Karen Elaine Spencer - Sunday July 27, 2008

Karen Elaine Spencer, like many artists at Visualize this year, works in many media. Apparently she was even reluctant to come to Visualize, not wanting the pressures of a performance festival to hijack her process.

She was the first to arrive and will be the last to leave. Most of you won't see her perform, but you might run into her chalk texts on city sidewalks or find the odd tangerine. I did. They brought me up short as I wandered. What is this message writ large in chalk? I was so excited to stumble upon Karen's words that I began to watch for them and found, as a result, a hopscotch and "Darcy loves Anita", other artifacts by other urban writers.

Karen's pice is beautifully archived in her own blog,
likewritingwithwater.wordpress.com
(I'm sorry I'm not giving you a hyper-link.
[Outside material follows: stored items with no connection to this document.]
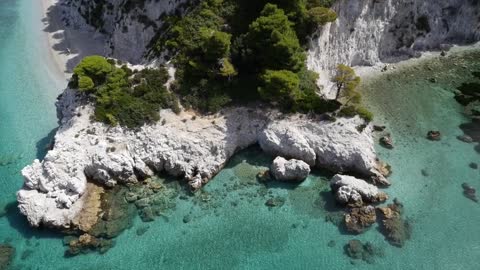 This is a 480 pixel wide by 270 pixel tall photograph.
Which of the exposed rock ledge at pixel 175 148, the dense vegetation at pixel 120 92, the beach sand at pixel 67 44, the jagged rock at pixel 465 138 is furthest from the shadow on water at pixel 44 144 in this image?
the jagged rock at pixel 465 138

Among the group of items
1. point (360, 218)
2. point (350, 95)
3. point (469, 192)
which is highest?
point (350, 95)

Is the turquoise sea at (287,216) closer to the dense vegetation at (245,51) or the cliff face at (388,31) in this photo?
the cliff face at (388,31)

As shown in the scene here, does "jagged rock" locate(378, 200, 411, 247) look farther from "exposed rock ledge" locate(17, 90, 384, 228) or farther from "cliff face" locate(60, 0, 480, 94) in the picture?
"cliff face" locate(60, 0, 480, 94)

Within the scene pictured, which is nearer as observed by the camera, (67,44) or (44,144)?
(44,144)

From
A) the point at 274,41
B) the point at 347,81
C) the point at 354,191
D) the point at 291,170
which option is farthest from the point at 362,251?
the point at 274,41

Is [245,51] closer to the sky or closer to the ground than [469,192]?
closer to the sky

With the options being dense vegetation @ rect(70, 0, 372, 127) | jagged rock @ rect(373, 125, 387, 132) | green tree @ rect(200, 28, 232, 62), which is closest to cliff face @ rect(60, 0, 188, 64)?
dense vegetation @ rect(70, 0, 372, 127)

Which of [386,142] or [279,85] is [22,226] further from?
[386,142]
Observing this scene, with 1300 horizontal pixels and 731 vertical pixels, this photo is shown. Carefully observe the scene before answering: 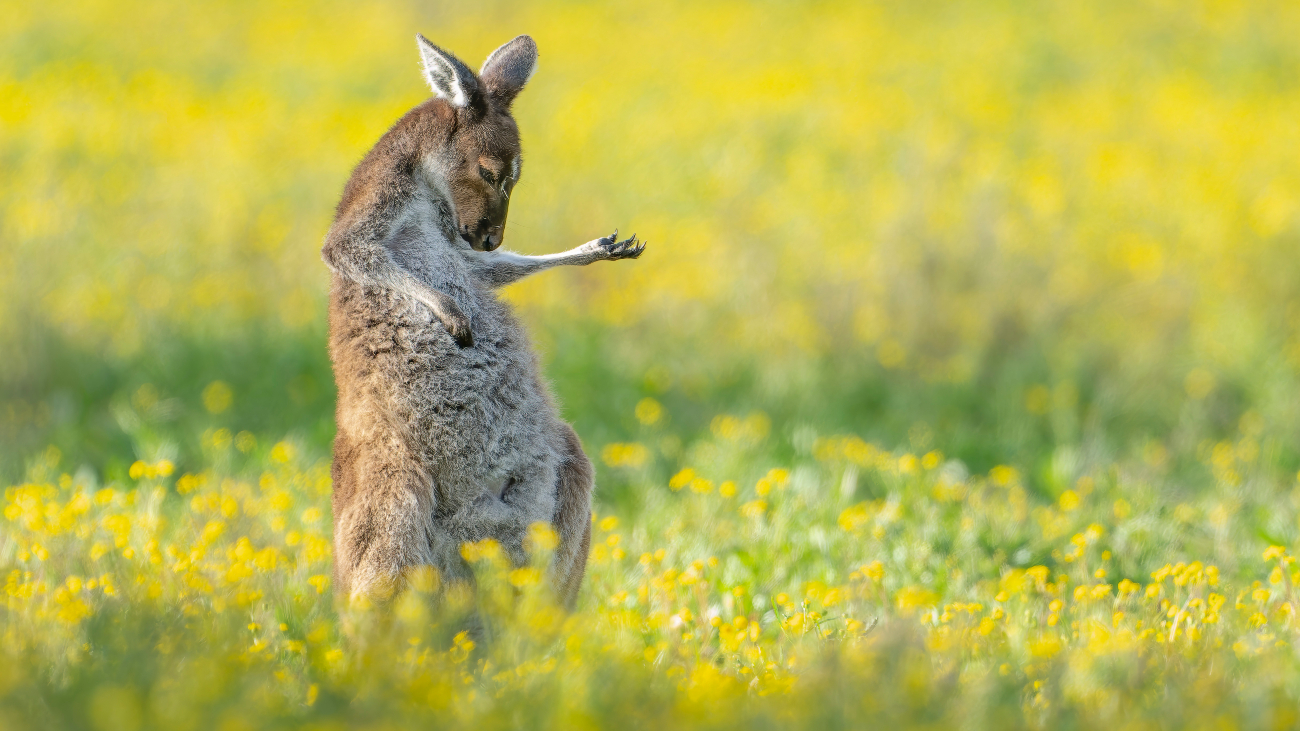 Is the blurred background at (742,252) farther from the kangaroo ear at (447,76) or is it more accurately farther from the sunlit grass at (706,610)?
the kangaroo ear at (447,76)

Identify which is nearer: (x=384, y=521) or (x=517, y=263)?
(x=384, y=521)

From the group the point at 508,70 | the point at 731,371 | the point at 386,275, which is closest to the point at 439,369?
the point at 386,275

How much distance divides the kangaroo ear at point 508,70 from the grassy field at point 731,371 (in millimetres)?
1499

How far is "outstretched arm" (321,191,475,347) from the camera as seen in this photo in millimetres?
3422

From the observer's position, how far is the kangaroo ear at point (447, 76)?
3.55 metres

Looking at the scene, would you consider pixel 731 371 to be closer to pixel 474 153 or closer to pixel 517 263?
pixel 517 263

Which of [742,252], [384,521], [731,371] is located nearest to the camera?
[384,521]

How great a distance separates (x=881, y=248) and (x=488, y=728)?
7810 millimetres

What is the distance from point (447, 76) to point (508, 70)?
1.00 feet

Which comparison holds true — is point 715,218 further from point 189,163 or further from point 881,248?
point 189,163

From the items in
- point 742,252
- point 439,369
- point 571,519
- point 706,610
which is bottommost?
point 742,252

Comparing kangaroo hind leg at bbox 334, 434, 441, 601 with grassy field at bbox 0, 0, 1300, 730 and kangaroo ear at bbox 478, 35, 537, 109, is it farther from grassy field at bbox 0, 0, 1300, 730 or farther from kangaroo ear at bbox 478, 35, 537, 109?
kangaroo ear at bbox 478, 35, 537, 109

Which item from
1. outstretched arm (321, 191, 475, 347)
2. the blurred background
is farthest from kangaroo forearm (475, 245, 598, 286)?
the blurred background

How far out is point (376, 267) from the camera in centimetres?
344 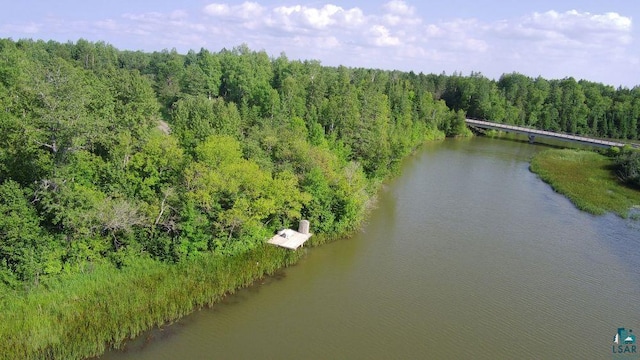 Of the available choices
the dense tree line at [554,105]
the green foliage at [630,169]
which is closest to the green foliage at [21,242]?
the green foliage at [630,169]

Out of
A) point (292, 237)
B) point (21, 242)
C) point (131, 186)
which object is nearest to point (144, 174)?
point (131, 186)

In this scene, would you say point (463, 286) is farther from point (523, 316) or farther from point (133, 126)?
point (133, 126)

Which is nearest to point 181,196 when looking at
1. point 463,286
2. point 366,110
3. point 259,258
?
point 259,258

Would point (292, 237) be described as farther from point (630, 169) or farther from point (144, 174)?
point (630, 169)

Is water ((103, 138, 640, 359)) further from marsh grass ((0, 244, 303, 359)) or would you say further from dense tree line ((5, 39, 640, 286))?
dense tree line ((5, 39, 640, 286))

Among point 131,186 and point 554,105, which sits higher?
point 554,105

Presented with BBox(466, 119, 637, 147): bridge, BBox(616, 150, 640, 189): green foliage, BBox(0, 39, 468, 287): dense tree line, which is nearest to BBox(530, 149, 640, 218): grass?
BBox(616, 150, 640, 189): green foliage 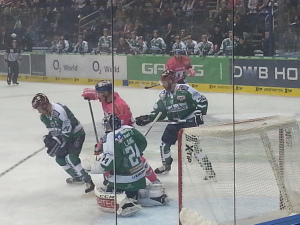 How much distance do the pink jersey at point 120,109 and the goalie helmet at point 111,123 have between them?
3 cm

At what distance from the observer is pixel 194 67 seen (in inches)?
132

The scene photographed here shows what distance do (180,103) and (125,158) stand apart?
2.66ft

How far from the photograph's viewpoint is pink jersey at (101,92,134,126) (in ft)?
9.09

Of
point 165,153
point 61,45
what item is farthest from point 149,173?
point 61,45

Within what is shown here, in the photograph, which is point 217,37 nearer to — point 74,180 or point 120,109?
point 120,109

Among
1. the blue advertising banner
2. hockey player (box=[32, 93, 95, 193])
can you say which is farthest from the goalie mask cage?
hockey player (box=[32, 93, 95, 193])

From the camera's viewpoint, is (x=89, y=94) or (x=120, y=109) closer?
(x=120, y=109)

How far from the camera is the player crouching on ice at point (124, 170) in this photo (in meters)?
2.77

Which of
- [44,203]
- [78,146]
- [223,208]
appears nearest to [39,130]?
[78,146]

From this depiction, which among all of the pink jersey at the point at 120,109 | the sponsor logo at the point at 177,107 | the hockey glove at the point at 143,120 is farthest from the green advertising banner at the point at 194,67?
the hockey glove at the point at 143,120

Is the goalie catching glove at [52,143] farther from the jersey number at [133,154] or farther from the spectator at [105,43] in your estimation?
the spectator at [105,43]

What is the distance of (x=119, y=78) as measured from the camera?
2668 mm

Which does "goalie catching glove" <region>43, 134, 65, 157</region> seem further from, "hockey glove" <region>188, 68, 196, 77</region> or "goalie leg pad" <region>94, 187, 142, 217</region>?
"hockey glove" <region>188, 68, 196, 77</region>

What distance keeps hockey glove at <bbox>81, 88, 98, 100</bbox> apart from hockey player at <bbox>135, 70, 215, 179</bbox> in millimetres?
394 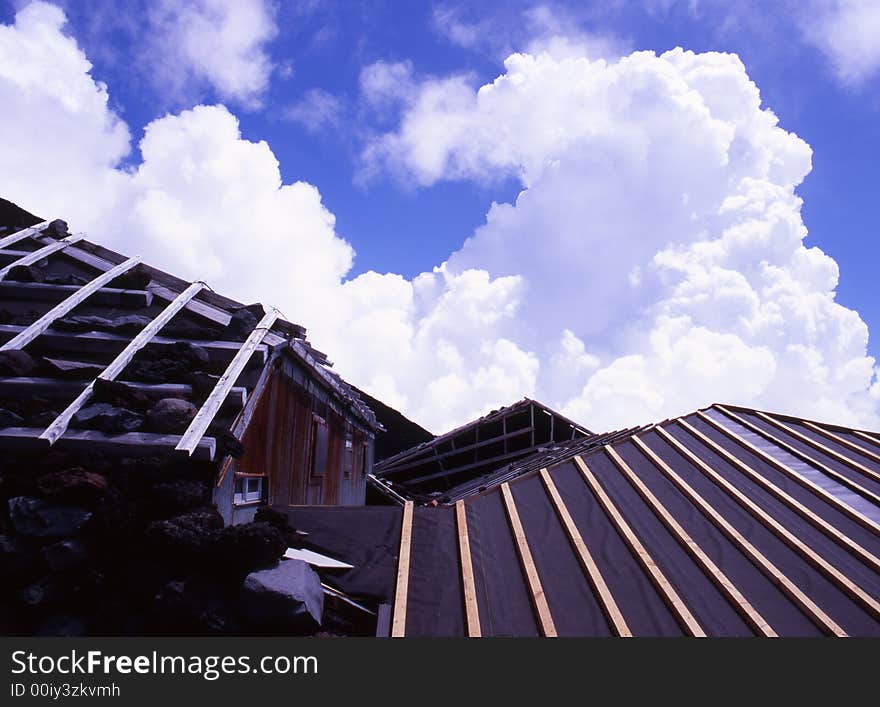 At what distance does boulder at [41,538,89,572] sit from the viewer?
451cm

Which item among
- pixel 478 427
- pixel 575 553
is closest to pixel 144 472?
pixel 575 553

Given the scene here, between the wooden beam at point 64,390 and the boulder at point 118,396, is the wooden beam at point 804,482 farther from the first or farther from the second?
the boulder at point 118,396

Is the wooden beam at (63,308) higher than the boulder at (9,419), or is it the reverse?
the wooden beam at (63,308)

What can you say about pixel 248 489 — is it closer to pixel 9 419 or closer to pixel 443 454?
pixel 9 419

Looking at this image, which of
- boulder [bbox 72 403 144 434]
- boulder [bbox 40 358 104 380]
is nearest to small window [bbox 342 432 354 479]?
boulder [bbox 40 358 104 380]

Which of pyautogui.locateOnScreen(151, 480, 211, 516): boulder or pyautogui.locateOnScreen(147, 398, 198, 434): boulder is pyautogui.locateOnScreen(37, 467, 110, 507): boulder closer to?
pyautogui.locateOnScreen(151, 480, 211, 516): boulder

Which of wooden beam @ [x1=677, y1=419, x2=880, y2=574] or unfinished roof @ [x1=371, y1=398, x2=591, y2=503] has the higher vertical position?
unfinished roof @ [x1=371, y1=398, x2=591, y2=503]

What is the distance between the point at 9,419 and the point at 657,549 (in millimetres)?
7051

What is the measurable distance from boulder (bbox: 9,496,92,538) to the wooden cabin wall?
1.96m

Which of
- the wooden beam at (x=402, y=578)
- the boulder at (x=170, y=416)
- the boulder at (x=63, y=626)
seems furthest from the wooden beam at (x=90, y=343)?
the boulder at (x=63, y=626)

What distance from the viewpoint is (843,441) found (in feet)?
35.4

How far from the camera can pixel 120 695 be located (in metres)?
3.80

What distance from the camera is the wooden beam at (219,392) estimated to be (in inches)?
209

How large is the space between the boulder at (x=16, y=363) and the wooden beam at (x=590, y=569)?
6.56 meters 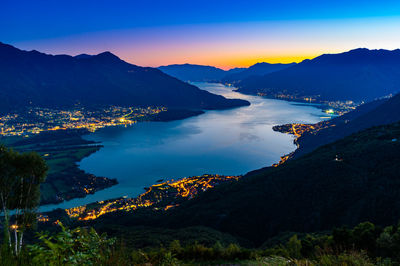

Your humble blogger is techno-doltish. Only through the graces of Amy Fung could I figure out how to attach pictures. Too bad there isn't an Amy Fung key command. Then I would have been able to give you weblinks and video.)



For over a week Karen has performed public writing that embodies the pain of colonization from the colonizer's perspective. Her texts have been written in English and Cree (which she has been studying while in Edmonton.) In this project she is attempting to acknowledge our history, not to lay blame or attempt undo what cannot be undone, but to own up.

She describes her work as "trying to sculpt social consciousness". She is concerned about the erosion of public space, and the politics regarding who is excluded by privatization. Ultimately, she wants her work to appear easy: for people to feel that they can make it too, and ideally, that they will.

Karen's Edmonton project, i dreamt i ran away from home, concluded on Sunday with a performance for invited guests. The litany of bad dreams ("I dreamt filled your mouth with stones. I dreamt I wrapped you in my skin. I dreamt I cut your children's hair...." was followed by a keening poem. Then Karen led us from the gallery to her final site, a slab of sidewalk near the gallery, upon which she wrote the final "dream": "I dreamt I awoke to hear your voice."

Watch for the next iteration of this performance action in Saskatoon in the summer of 2009.